Briefly describe the mission of your organization and how your role contributes to it. What does a typical day look like?
Sonen Capital is an investment management firm focused on impact investments – investments that seek to generate both competitive financial returns and purposeful, measurable, positive social and/or environmental impact. We manage assets on behalf of high net worth individuals, family offices, foundations and an array of wealth managers and advisors. We invest across asset classes, geographies and sectors through pooled multi-manager vehicles and customized portfolio mandates.
I am a member of the investment team where I focus specifically on the firm’s private markets – private debt, private equity and real assets – strategies. My day is principally spent on building a pipeline of and conducting due diligence on impact investment opportunities globally as well as structuring and executing transactions. I also spend some of my time interfacing with clients and prospective investors, educating them on our products and the impact investing space as a whole. Finally, as impact investing is a relatively new industry, I spend a fair bit of my time on field building activities including industry speaking engagements and conducting informational interviews for professionals looking to move into the space.
What made you go into this profession? Why are you doing what you are doing?
I began my career in investment banking and direct private equity (growth equity and leveraged buyouts). I loved investing as a job function – growing businesses, thinking as an owner, understanding the macro and the micro investment contexts, etc. – but did not find the work to be particularly fulfilling. I went to Stanford in the hopes of finding a way to combine my investment mindset and skillset with something more meaningful to me.
During my time at Stanford, I discovered the world of impact investing and the ability to harness the power of capital to “do good.” I spent my summer investing in agricultural enterprises in Rwanda and found that I could apply very much the same disciplines and mindsets I had developed in traditional private equity investing toward solving very different problems in an entirely different context. I enjoyed the challenge of applying another lens beyond risk and return – the third dimension of impact – to investing. And, in fact, I found that the impact story could oftentimes be the driver of an attractive market opportunity. I loved the idea of being able to combine the discipline and rigor of conventional investing with achieving the kind of positive social and environmental impact that aligned with my personal values.
I joined Sonen Capital because I believed the firm had assembled the most experienced, accomplished and diverse team applying a disciplined and rigorous approach toward constructing investment portfolios across asset classes and impact themes at scale. In addition, I believed the firm filled a critical gap in the impact investing marketplace by providing investors with the ability to allocate to professionally-managed, well-diversified portfolios often to managers or strategies not readily available in the marketplace.
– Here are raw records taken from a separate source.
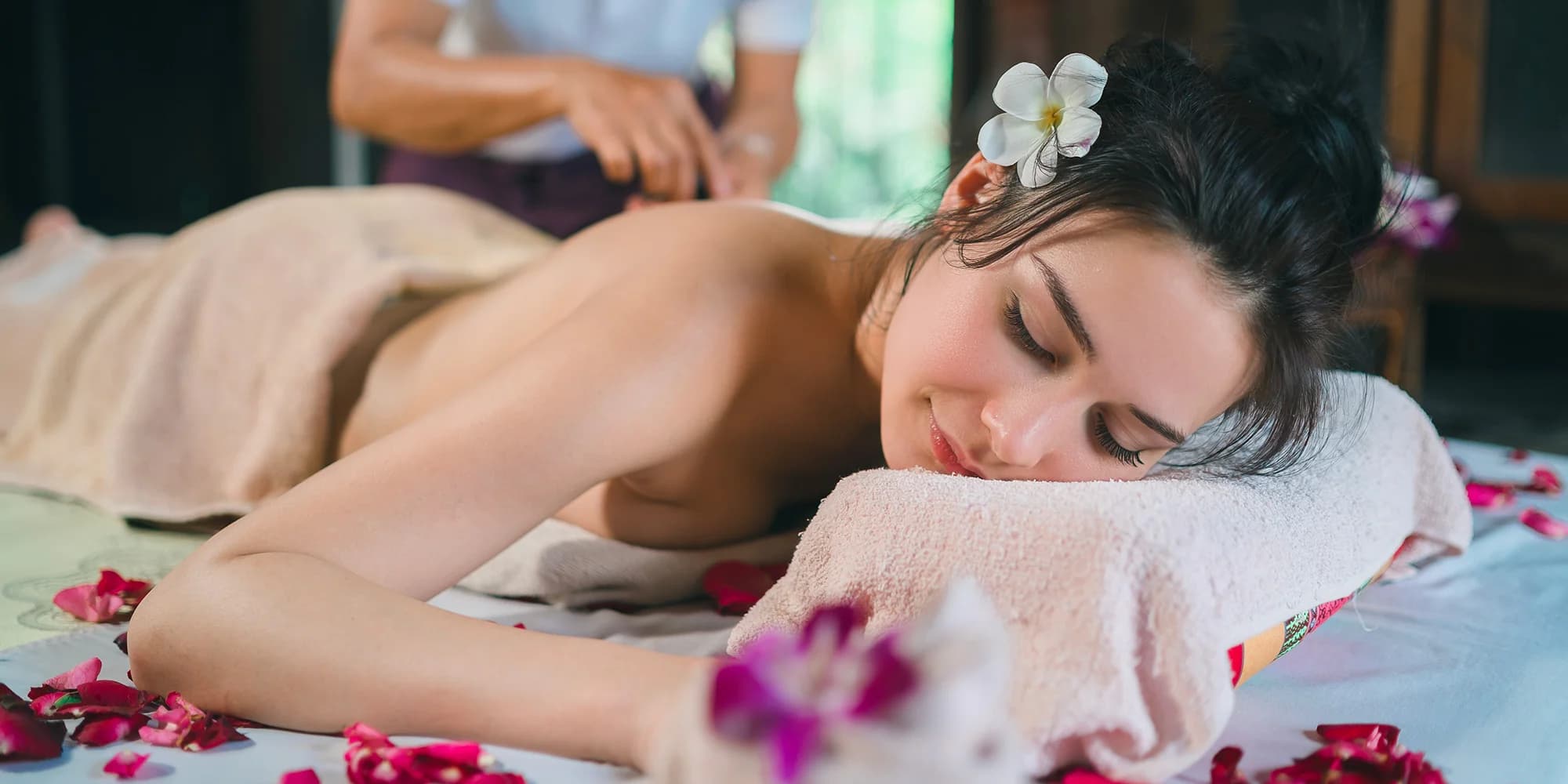 Relax pro tělo i mysl: osvěžující thajská aloe vera masáž v salonu na 60 nebo 90 minut
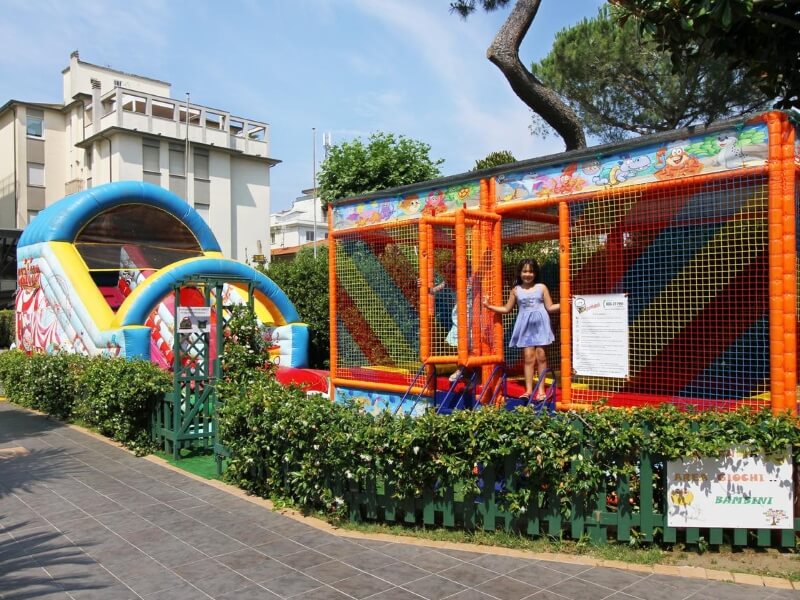 Foto area giochi bambini hotel Eur Lido di Camaiore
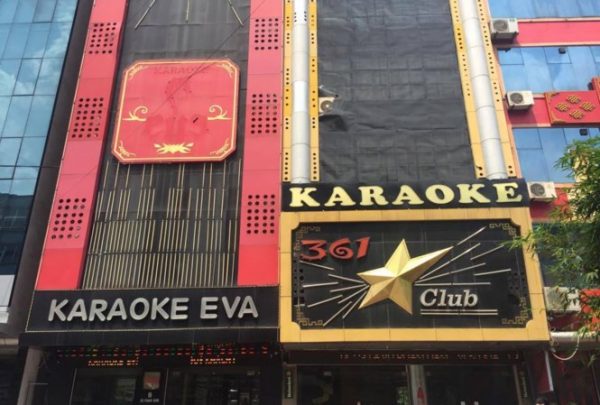 Bien Quang Cao Karaoke Dep 2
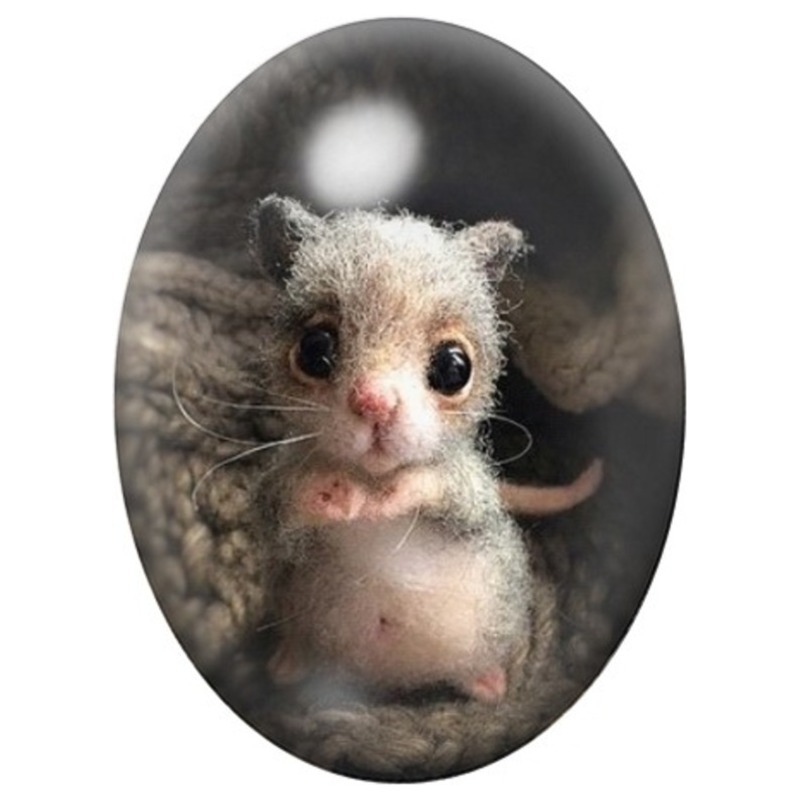 Cabochon en Verre Illustré Petite Souris au Regard Tendre 13x18, 18x25 ou 30x40mm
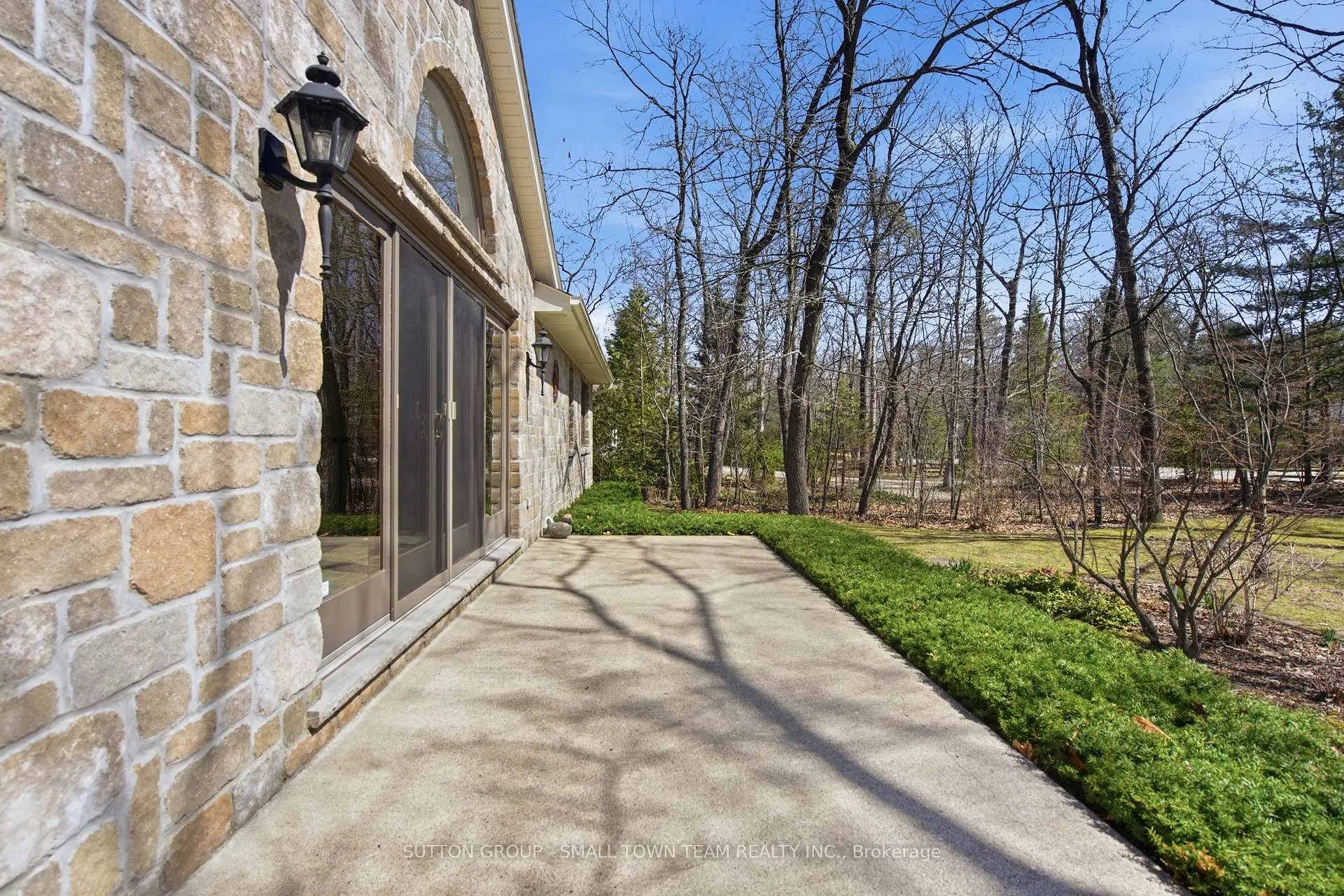 Photo 5 of 8816 Timberwood Trail, Lambton Shores, Grand Bend — HOMEH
Finally, I loved the idea of playing a part in growing a nascent industry and working toward systems-level change – seeking to change the way businesses are run and the way the capital markets value (internalize) positive and negative externalities.
What recommendations do you have for current Stanford students interested in pursuing a career in a similar capacity? What skills or knowledge should they focus on at Stanford? What tips do you have regarding the job search?
For students seeking a career specifically in impact investing, I would recommend building “bridging” experiences and skillsets. Most of the firms in the space are also small and, therefore do not have the resources to provide formal training programs. As such, most firms are looking for individuals with the hard skillsets and investment experience (either in the public or the private markets) but also an understanding of – or, at a minimum, a demonstrated interest in – social and/or environmental issues.
However, beyond the investment function, there are many other functions and opportunities within the space including marketing, investor relations, macro research, network/fieldbuilding, and operations roles, amongst others.
Make use of your networks but do your research before any informational interview. First impressions are critical and you are likely to make a better impression if you have done your research, know what you want to do and why and have a specific ask.
Finally, there are several industry networks with active job boards including the Global Impact Investing Network (the GIIN) and US SIF, amongst others. It is often useful to check them on a regular basis to get a sense for the types of roles and firms working in the space.
your life vision
How do you make this unconventional career path work in your life?
I would not have chosen any other career path. Impact investing has given me the ability to have a positive impact on the world each and every day, not only through my personal activities but also through my work professionally -- to directly align my personal values with my professional endeavors.
More tangibly, after graduating from business school, I spent 3.5 years focused on impact investing and program related investments at the Rockefeller Foundation before joining Sonen Capital in January 2013. Stanford’s nonprofit/public service loan forgiveness program provided me with support for my student debt payments while working on a nonprofit salary at the Rockefeller Foundation.